Look, I don't mean to be a dick here, but... when do they start fucking? I'm just going to come right out with it. I thought this book was supposed to be about fucking. Yet here we are, by the end of this chapter, 97 pages in, and there's still no fucking. There's a lot of talking around the idea of fucking, and there's a lot of gross bits where Ana's all tingly with desire she's never felt in her cloistered life, I guess, but no fucking. Not a single exciting or erotic thing has actually happened.

And I'm not being prurient here! I'm sure EL James writes about fucking with the same shrugging vagueness that she brings to writing about business or describing hotel rooms and office buildings. I'm sure it's not going to be good. I am a hundred percent certain that when they fuck, it's going to be completely ridiculous. I just want something to happen, already. James can't tease, she can't make things sexy, and she can't build anticipation. You know why? Because she's not a writer. Can we just agree on that? On the idea that just because you wrote something down it doesn't make you a writer? She has no authorial voice; this is someone blogging their bizarre Robert Pattinson fantasy.

So, if you can't make the build-up interesting at all, could you please, for crying out loud, in the name of all that was once good in this world and could be again, get to the god damn point?

Well, first there's a helicopter ride.

We start right where the last chapter ended, because these two self-absorbed fucks are so goddamn interesting that we need to follow their every single movement lest we lose track of whatever the hell the plot is supposed to be by this goddamn point. Ana can't get over that kiss; "As time ticks on, I assign it mythical, Arthurian legend, Lost City of Atlantis status." I really wish I was her English teacher so I could flunk her out of college. Jesus Christ, lady, it's been a couple of minutes, can you tone it down?

"The car interior is filled with the sweetest, most magical music of two women singing. Oh wow... all my sense are in disarray, so this is doubly affecting." Jeez, he just turned on the radio and she heard opera for apparently the first time. She is so fascinated with her own reactions to everything.

Oh, oh... wait. You know what needs to happen? Someone needs to do an audio version of this with June Diane Raphael as Anastasia and Jason Mantzoukas as Christian Grey. I need that to happen. That would be funny as hell. You wouldn't even have to change any dialogue, it was just be in the delivery and inflection of this utter shit. Read that last thing I quoted, but picture it in June Diane's voice but with an upspeak. (You know? Where every sentence goes up at the end? Like it's a question?) That might actually make this sound smarter.

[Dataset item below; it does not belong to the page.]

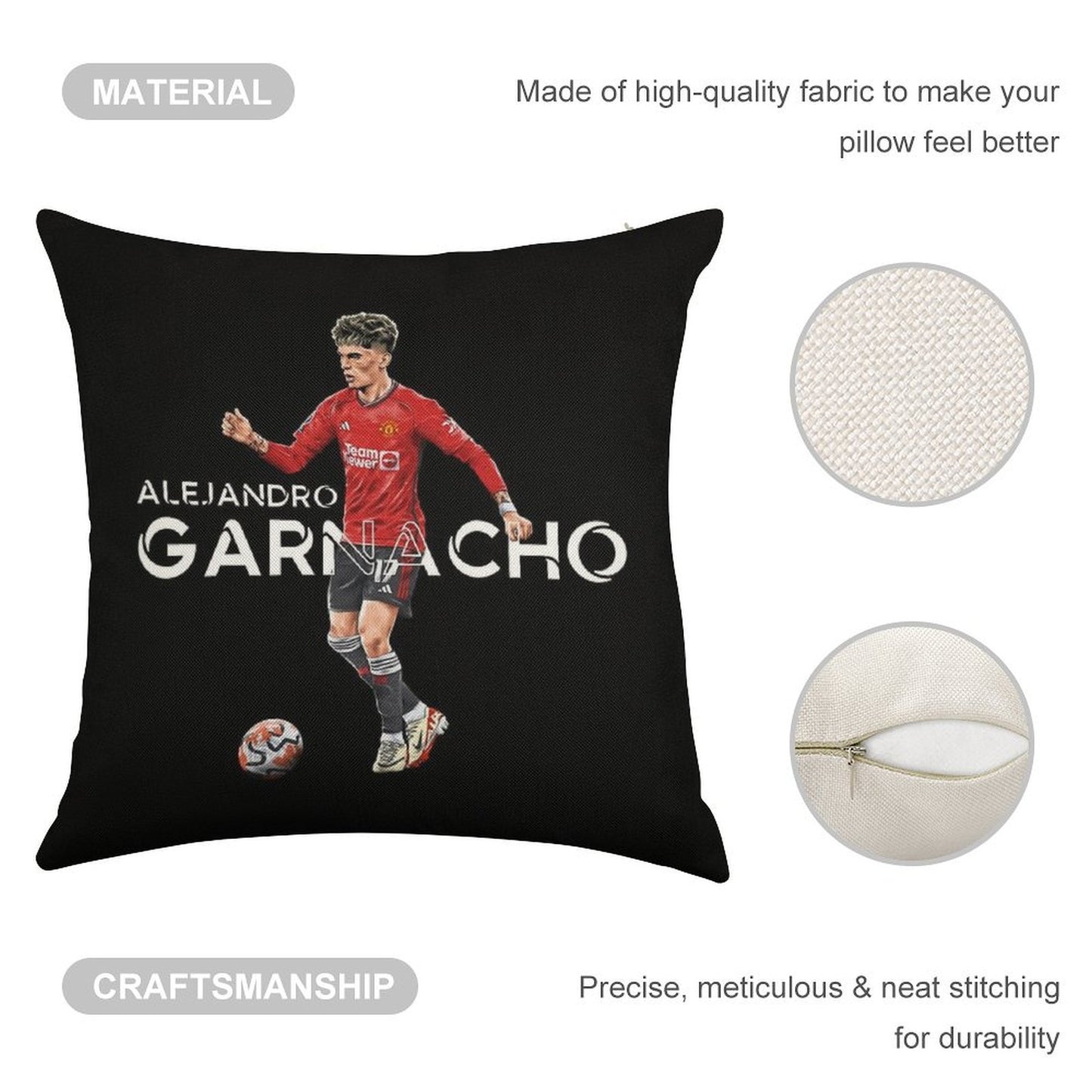 Alejandro Garnacho - Man United Linen Throw Pillow Cover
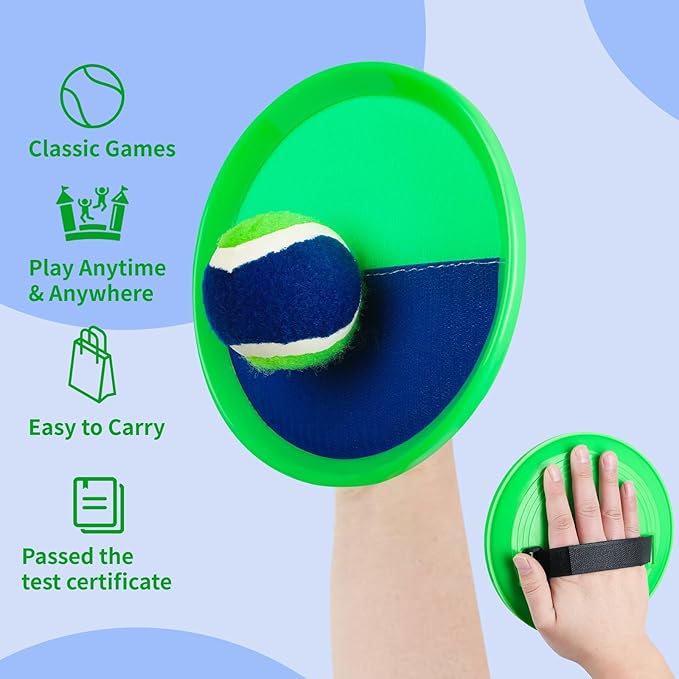 Toss and Catch Ball Set Kids - Lawn Games Beach Games Beach Toys Pool Outdoor for Ages 3 4 5 6 7 8 9 10 Years Old Boy Girl Toys, Playground Sets for Toddlers/Kids/Family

Anyway, they have one of those annoying conversations about music that you always have with young white people, where Christian Grey says his taste in music is "eclectic." You know who says their music taste is eclectic? People whose music tastes are not eclectic. Exclusively. You ever have people tell you that? You know what my first three questions are when people tell me that? 1. Do you like rap? 2. Do you like country? 3. Do you like jazz? The answers to those questions are, without fail, "no." Every time. What they usually mean is they like what's new and popular and Classical Music's Greatest Hits and some musicals and the Beatles and then they have an old Pasty Cline compilation or something so they think that's "eclectic." They usually use that word. Or, "Oh, I like everything," which really means "Everything but rap, country, jazz, blues, hip-hop, R&B, and any classical music I didn't hear on Looney Tunes growing up." But, hey, Christian put on a Kings of Leon song while lecturing Ana about who Thomas Tallis is, so that's totally eclectic, right?

Yeah, I'm in the redline on annoyance with these two.

I want you to just stop for a moment, okay? Just for one second. And I need you to absorb the full force of what I'm going to say now, knowing who I am and that I devoted a whole series on this blog to dismantling the damn thing. But you need to know this:

Compared to this novel, Twilight is a lost Dickensian masterpiece.

Just... just let that sink in. I gave Stephenie Meyer a lot of shit back in 2009, but I miss her comparatively deft touch.

I'm losing my mind.

This is all happening while Christian is driving Ana back to her apartment. He keeps calling her by her full first name (Anastasia), and she asks "Why do you insist on calling me Anastasia?" "Because it's your name." "I prefer Ana." "Do you now?" I think that all sort of indicates a lack of personal respect. I actually wrote a column about this recently at Hobo Trashcan: that we all have the right to demand to be addressed by the name we've chosen to be addressed by. But he doesn't care; she's his slave and he gets to name her. She hears him on a vague business call and thinks he's too controlling with his employees; meanwhile, he's controlling her every second and she doesn't bat an eye.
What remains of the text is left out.